Indian filmmaker and author

P. Jaya Kumar is an Indian filmmaker, screenwriter and author working predominantly in Hindi and Telugu films. He debuted as the screenplay writer for Amitabh Bachchan's Bollywood film Sarkar 3 and Akkineni Nagarjuna's Telugu film Officer. He published multiple books of fiction which were later adapted by Ram Gopal Varma namely Meri Beti Sunny Leone Banna Chaahti Hain and God, Sex and Truth.

== Personal life ==
P. Jaya Kumar graduated as a Mechanical Engineer and later enrolled for a Masters in Sociology and a Master in Arts and Aesthetics from Jawaharlal Nehru University.

== Career ==
P. Jaya Kumar does not have any background in film industry. At the age of 24, when he was still pursuing his master's degree at JNU, Ram Gopal Varma who was impressed with him asked him to work as a creative consultant for many of his projects like Vangaveeti, Veerappan, Killing Veerappan; after which he got his break as the writer in 2017 for Sarkar 3. Ram Gopal Varma then went on to adapt P. Jaya Kumar's literary works namely Meri Beti Sunny Leone Banna Chaahti Hain and God, Sex and Truth.
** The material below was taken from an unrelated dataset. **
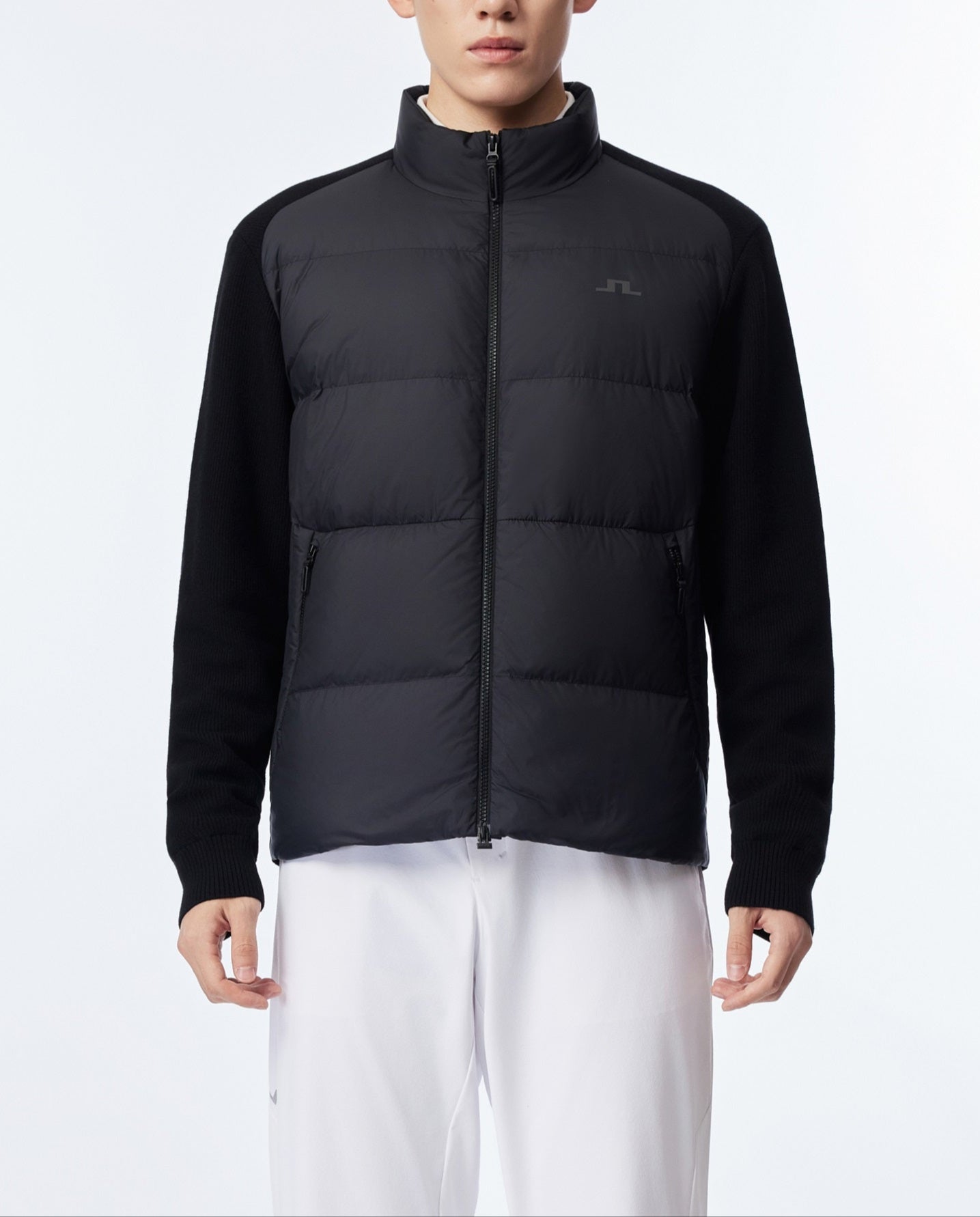 JL緹花針織鵝絨外套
He worked as an executive script consultant for Sye Raa Narasimha Reddy starring Chiranjeevi, Amitabh Bachchan and Vijay Sethupathi.

== Filmography ==

| Year | Title | Role | Notes |
| 2016 | Killing Veerappan | Creative consultant |  |
| Vangaveeti | Creative consultant |  |
| 2017 | Sarkar 3 | Screenplay Writer |  |
| Meri Beti Sunny Leone Banna Chaahti Hai | Story, Screenplay |  |
| God, Sex and Truth | Story and Dialogues from his novel |  |
| 2018 | Officer | Story, Screenplay |  |
| 2019 | Sye Raa Narasimha Reddy | Executive script consultant |  |

== Lawsuit ==
P. Jaya Kumar filed a lawsuit against Ram Gopal Varma in a civil court in India for plagiarizing and distorting his literary work and making an obscene film named God, Sex and Truth. Following his lawsuit of copyright claim, the trailer of God, Sex and Truth was taken down by Youtube.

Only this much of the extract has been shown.